Columbia River Walleye Trip Yields Large Fish
Written By: Bill Kremers, August 13, 2013
I have not fished for walleye in two, maybe three years. One reason is that the areas I know where to fish are in central and eastern Oregon and that is a three to five hour drive for me.
And frankly on my last couple of trips the fishing has been a slow. Walleye fishing has always been in my blood as I grew up in Michigan and some of my fondest childhood memories are of fishing with my dad for walleye on waters like the Muskegon River and Little Bay de Noc by Escanaba on the Upper Peninsula.

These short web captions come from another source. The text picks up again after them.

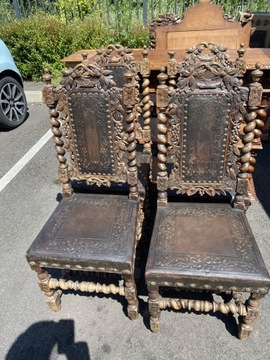 Krzesła neorenesansowe z XIX wieku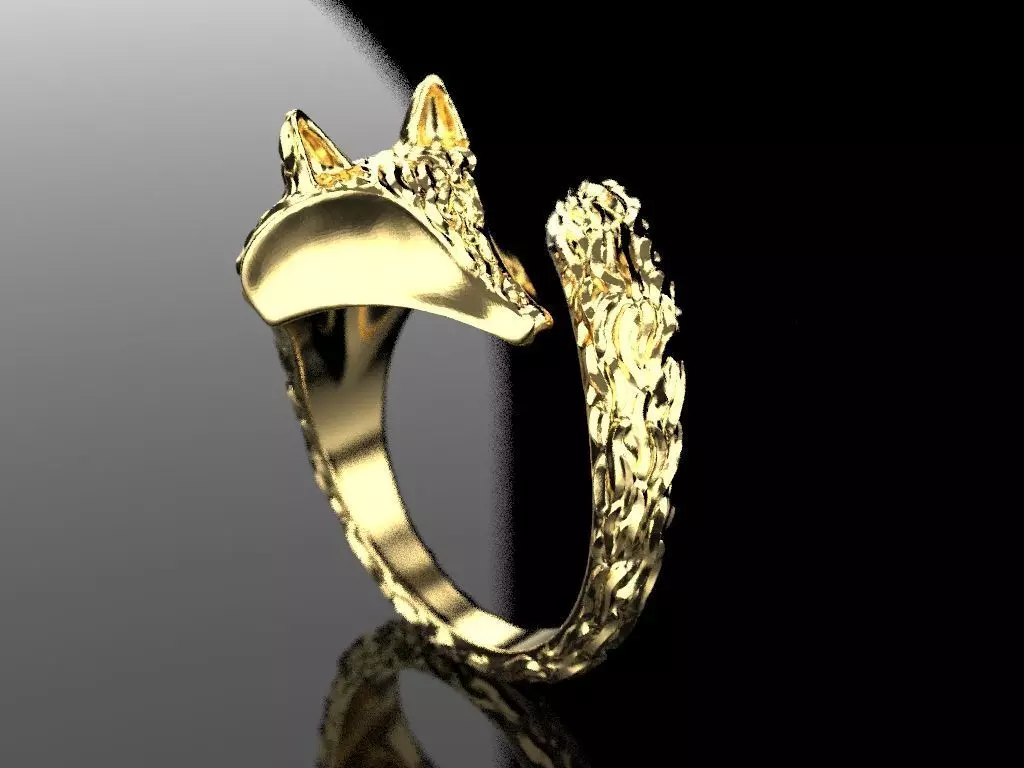 Fox Ring 3D print model_0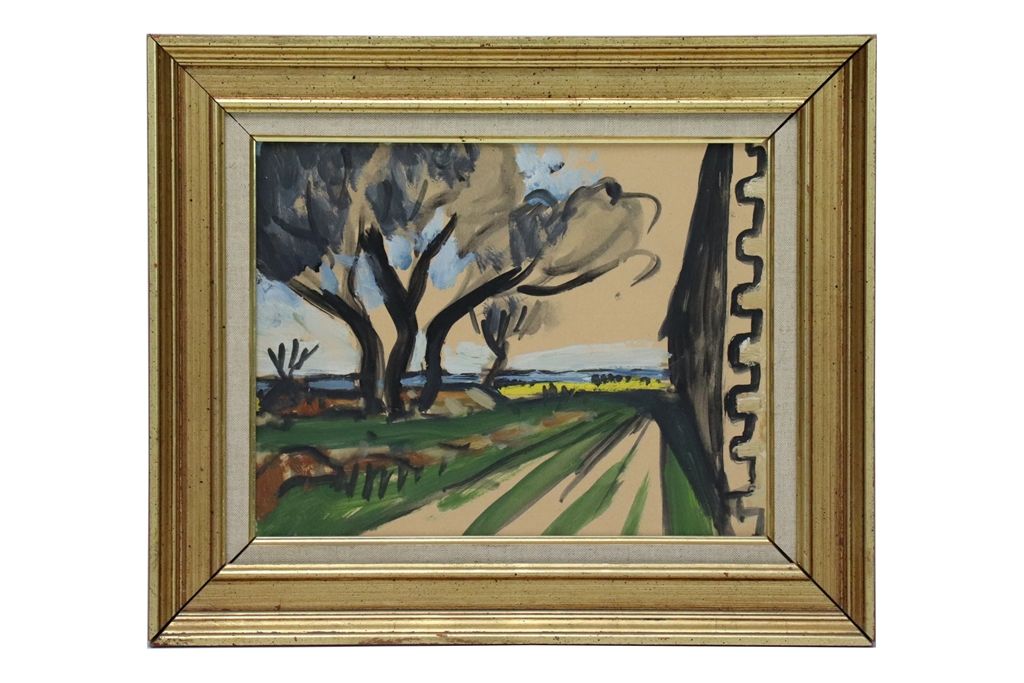 AUGUSTE CHABAUD (1882-1955) 奥古斯特-沙博德（1882-1955）。景观。纸板上的油画，无签名。尺寸：25x32厘米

Don’t ask me why, but for years now I have been aware of the walleye fishery on the Columbia River in the Portland area and just east of Portland and have never fished for them there. About all I know is that summer is best time to fish them, and that two of the better areas are Multnomah Channel along Sauvie Island and above the 205 Bridge east of Portland.

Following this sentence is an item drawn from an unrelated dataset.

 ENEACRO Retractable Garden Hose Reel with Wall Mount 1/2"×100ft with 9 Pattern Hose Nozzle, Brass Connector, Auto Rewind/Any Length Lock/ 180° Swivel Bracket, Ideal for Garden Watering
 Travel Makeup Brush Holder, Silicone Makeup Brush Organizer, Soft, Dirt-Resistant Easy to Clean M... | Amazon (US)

Then the other day a friend, Bob, called me and asked if I wanted to go walleye fishing with him and wife, Arlene. It is pretty obvious what my answer was.
Bob and Arlene had done some walleye fishing with a guide the week before so they knew a lot about where to go than I did. All I had was a bunch of walleye tackle that has been accumulated through the years and it was just taking up space in my garage.
The tackle most people use for walleye fishing on the lower Columbia is a three ounce bottom walker and a nightcrawler harness. Then what you do is slowly troll downstream with your bottom walker tickling the bottom.
Much of the bottom on the Columbia is a series of humps and the one key to success when is to make sure that you presentation also tickles down the backside of these humps. This means that you are constantly taking in line and then quickly releasing line to keep in contact with the bottom.
We quickly found that there are a variety of fish in the Columbia, not just walleye. We ended up catching, chubs, pike minnows, smallmouth bass and even a starry flounder.
Our first few trolls produced a few bites and a couple of chubs but no walleyes. Then we switched to the other side of the Columbia to an area where there are a lot of humps and river pilings and the depth varied from four to thirty feet. On our second pass we went over a big hump and I released several feet of line to keep on the bottom.
Just as I clicked my reel into gear I had a solid strike that felt like the bottom gobbling my nightcrawler. It was one heavy fish with a lot of head shakes and short runs.
Unbeknown to me, Bob started to video the fight as Arlene grabbed the net as I tried to get the fish close to the boat. Finally it appeared out of the depths and Bob wondered if the net was big enough.
Fortunately it was, as Arlene slid the net under my 8.3 pound walleye. I still have a lot of walleye gear left, and I can assure you that it will not be sitting in the garage collecting dust.